+++ GIVEN MATERIAL
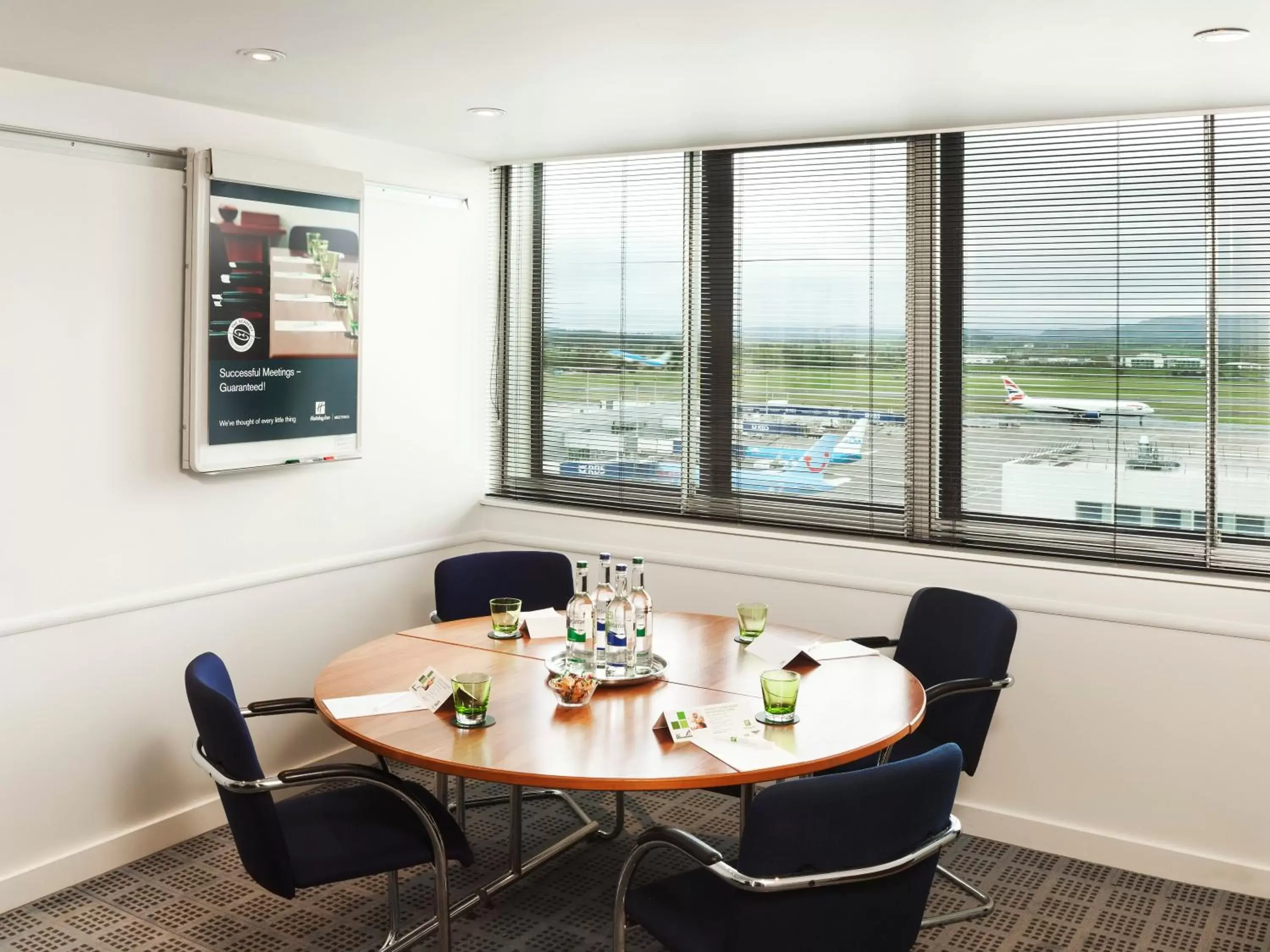 Meeting/conference room, Restaurant/Places to Eat in Holiday Inn - Glasgow Airport, an IHG Hotel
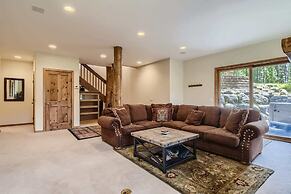 Secluded Mtn House w/ Scenic Views - Pet Friendly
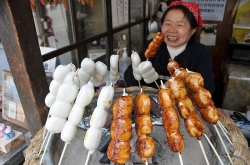 高千穂〜阿蘇「B級ご当地グルメ」食べ歩きドライブ・くるみ味噌・焼きだんご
++++++
[YOUR INSTRUCTIONS] Reproduce the full listing faithfully, but do not carry over any pictures.

[RESPONSE]
 Meeting/conference room, Restaurant/Places to Eat in Holiday Inn - Glasgow Airport, an IHG Hotel
 Secluded Mtn House w/ Scenic Views - Pet Friendly
 高千穂〜阿蘇「B級ご当地グルメ」食べ歩きドライブ・くるみ味噌・焼きだんご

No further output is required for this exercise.